Inventorsnot available in USPTO data we have

Technical Abstract

An apparatus, method, and medium for distinguishing a vocal sound. The apparatus includes: a framing unit dividing an input signal into frames, each frame having a predetermined length; a pitch extracting unit determining whether each frame is a voiced frame or an unvoiced frame and extracting a pitch contour from the voiced and unvoiced frames; a zero-cross rate calculator respectively calculating a zero-cross rate for each frame; a parameter calculator calculating parameters including a time length ratio of the voiced frame and the unvoiced frame determined by the pitch extracting unit, statistical information of the pitch contour, and spectral characteristics; and a classifier inputting the zero-cross rates and the parameters output from the parameter calculator and determining whether the input signal is a vocal sound.

Patent Claims

31 claims

Legal claims defining the scope of protection, as filed with the USPTO.
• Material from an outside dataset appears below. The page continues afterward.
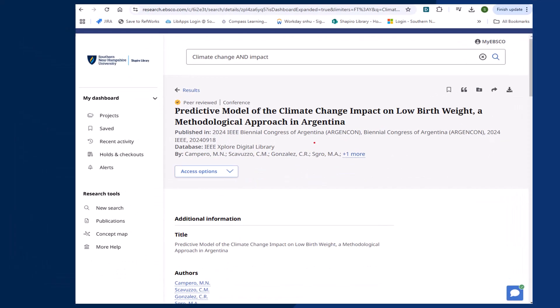There are a few notable tools on this page. You can save, cite, add the article to a project, share, or download it using the tools on the top right. While in older versions of EBSCO you had to create an account and log in to save articles, the newer version logs you in the moment you perform your first search, so you can save articles simply by clicking on that icon.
1. An apparatus for distinguishing a vocal sound, the apparatus comprising: a framing unit to divide an input signal into frames, each frame having a predetermined length; a pitch extracting unit to determine whether each frame is a voiced frame or an unvoiced frame and extracting a pitch contour from the frame; a zero-cross rate calculator to respectively calculate a zero-cross rate for each frame using a computing device; a parameter calculator to calculate parameters including time length ratios with respect to the voiced frame and unvoiced frame determined by the pitch extracting unit, statistical information of the pitch contour, and spectral characteristics, wherein the time length ratios include a local voiced frame/unvoiced frame time length ratio, which is a time length ratio of a single voiced frame to a single unvoiced frame, and a total voiced frame/unvoiced frame time length ratio, which is a time length ratio of total voiced frames to total unvoiced frames; and a classifier to determine whether the input signal is a vocal sound using the calculated zero-cross rates and the calculated parameters output from the parameter calculator, wherein the calculated parameters output from the parameter calculator are the local voiced frame/unvoiced frame time length ratio, the total voiced frame/unvoiced frame time length ratio, the statistical information, and the spectral characteristics.

2. The apparatus of claim 1 , wherein the parameter calculator comprises: a voiced frame/unvoiced frame (V/U) time length ratio calculator to obtain the time length of the voiced frame and the time length of the unvoiced frame and to calculate the time length ratios by using the voiced frame time length and the unvoiced frame time length; a pitch contour information calculator to calculate the statistical information including a mean and variance of the pitch contour; and a spectral parameter calculator to calculate the spectral characteristics with respect to an amplitude spectrum of the pitch contour.

3. The apparatus of claim 2 , wherein the V/U time length ratio calculator calculates the local V/U time length ratio and the total V/U time length ratio.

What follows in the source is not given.